• **Scraped caption text data**:

* * * *

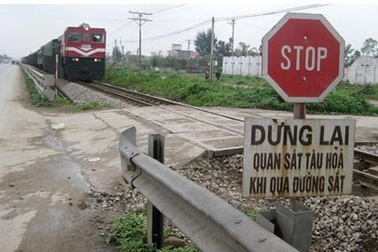 Cố vượt đường ray, bé gái 10 tuổi bị tàu đâm nguy kịch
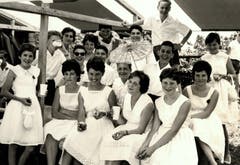 Kinderfest 1961: eine gemischte Schülergruppe.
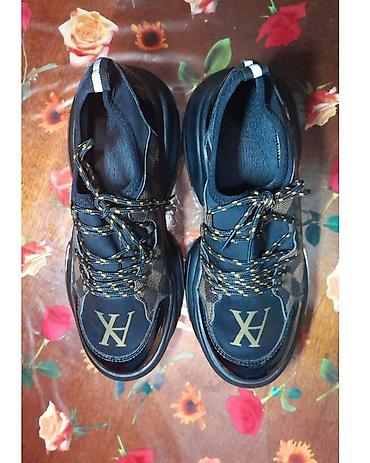 Ботинки и ботильоны: Продаю новую обувь,размер 40 - маломерки,подойдут и на 39 размер — 6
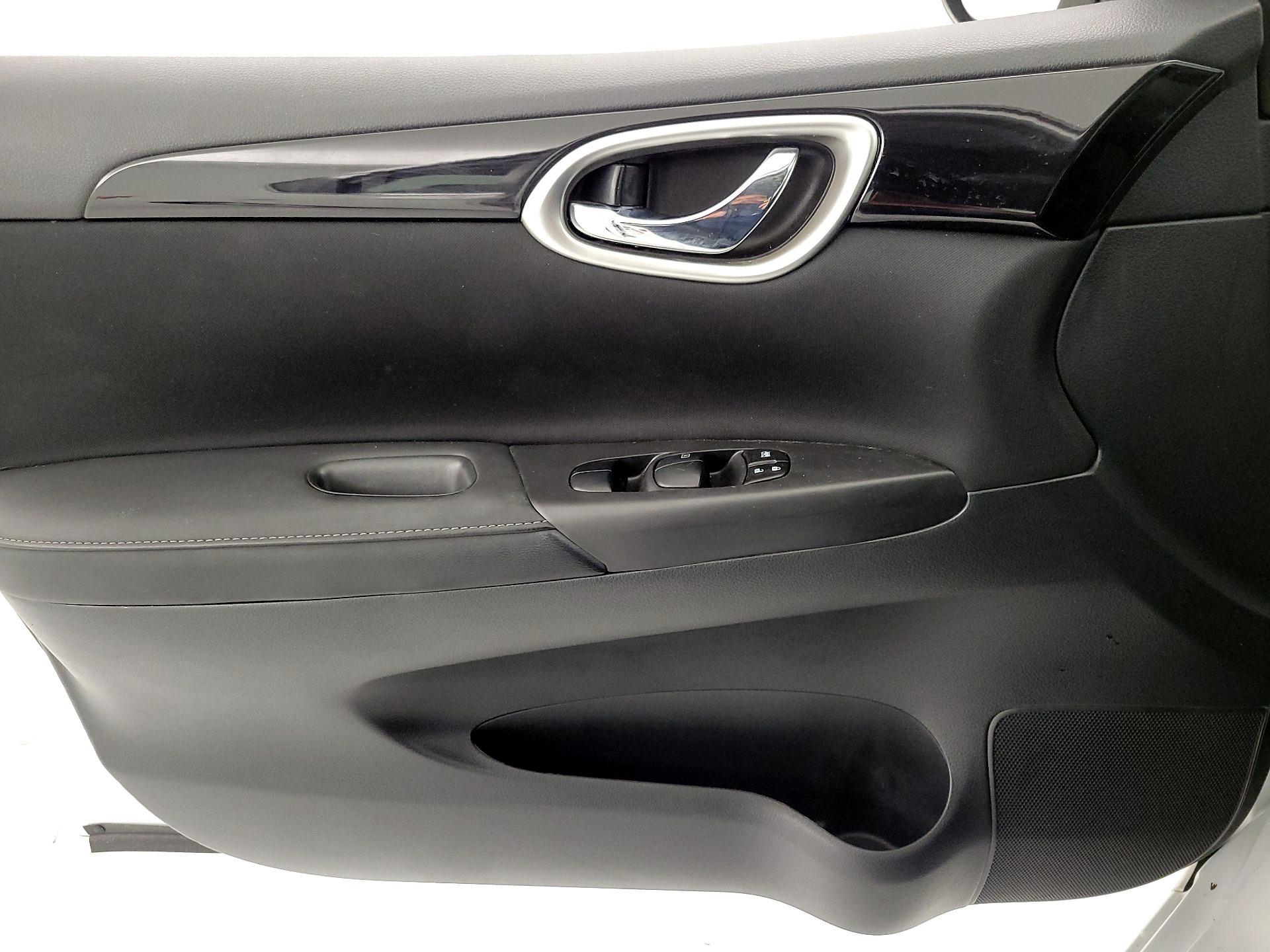 Thumbnail: 2018 Nissan Sentra - 12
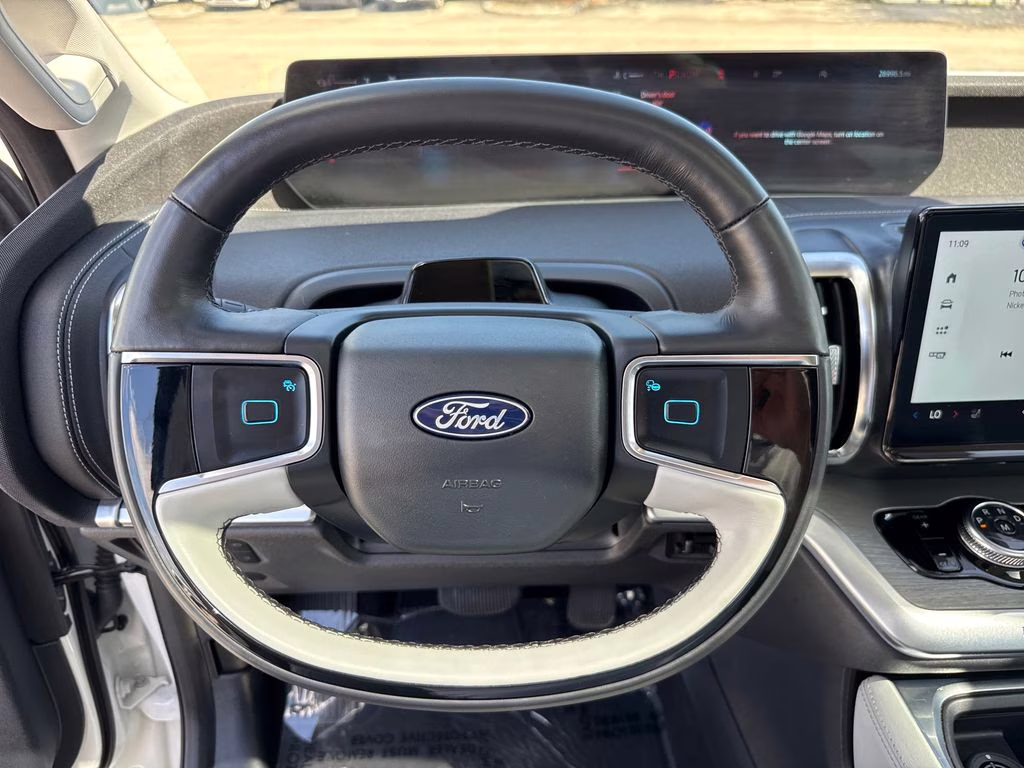 2025 Star White Metallic Tri-Coat Ford Expedition Max Platinum 4X4 SUV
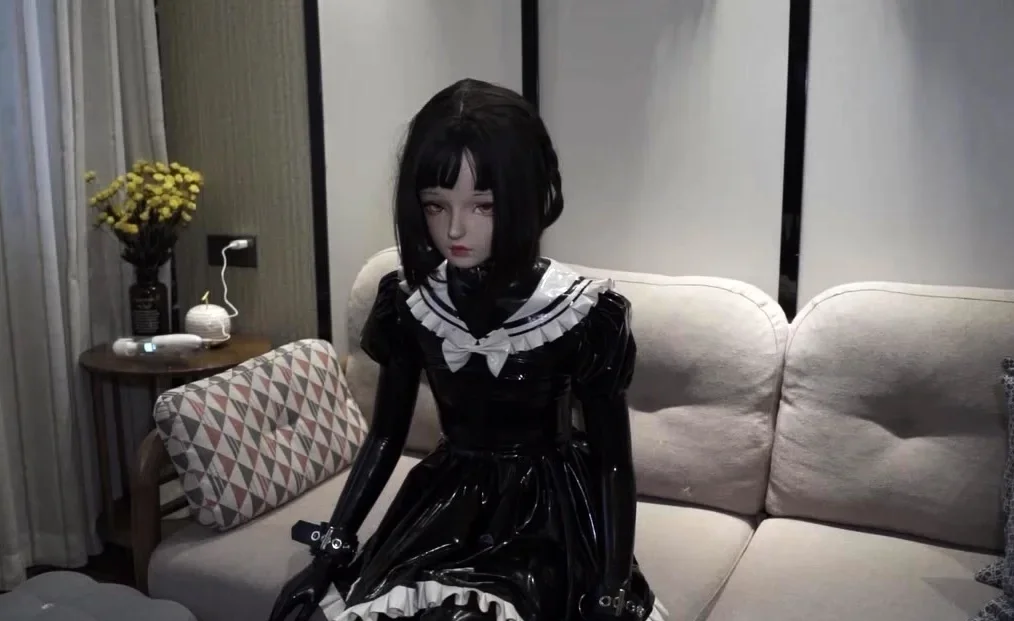 Pretty asian masseur doing hot handjob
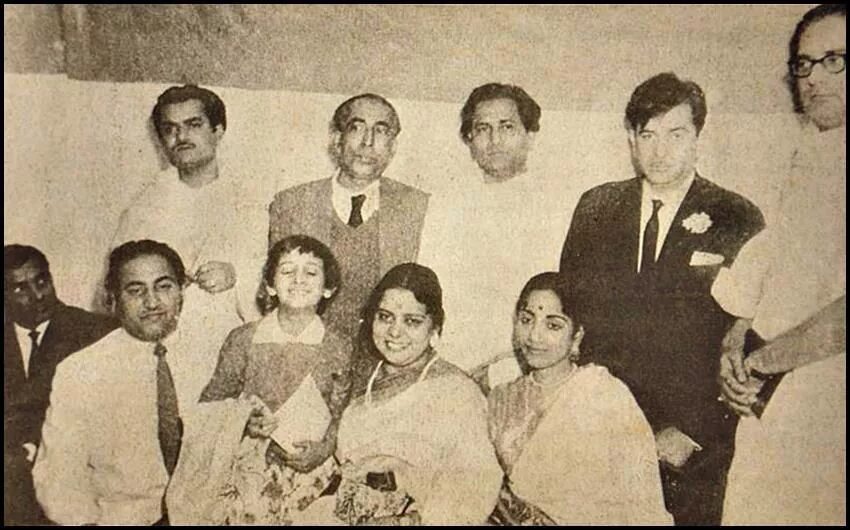 From Baby Pics To Before Marriage Times, These Unseen Pics Of Kapoor Khaandan Wi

* * * *

• **The task**:
Word for word, give the data above again, without any images.

• **Output below**:
 Cố vượt đường ray, bé gái 10 tuổi bị tàu đâm nguy kịch
 Kinderfest 1961: eine gemischte Schülergruppe.
 Ботинки и ботильоны: Продаю новую обувь,размер 40 - маломерки,подойдут и на 39 размер — 6
 Thumbnail: 2018 Nissan Sentra - 12
 2025 Star White Metallic Tri-Coat Ford Expedition Max Platinum 4X4 SUV
 Pretty asian masseur doing hot handjob
 From Baby Pics To Before Marriage Times, These Unseen Pics Of Kapoor Khaandan Wi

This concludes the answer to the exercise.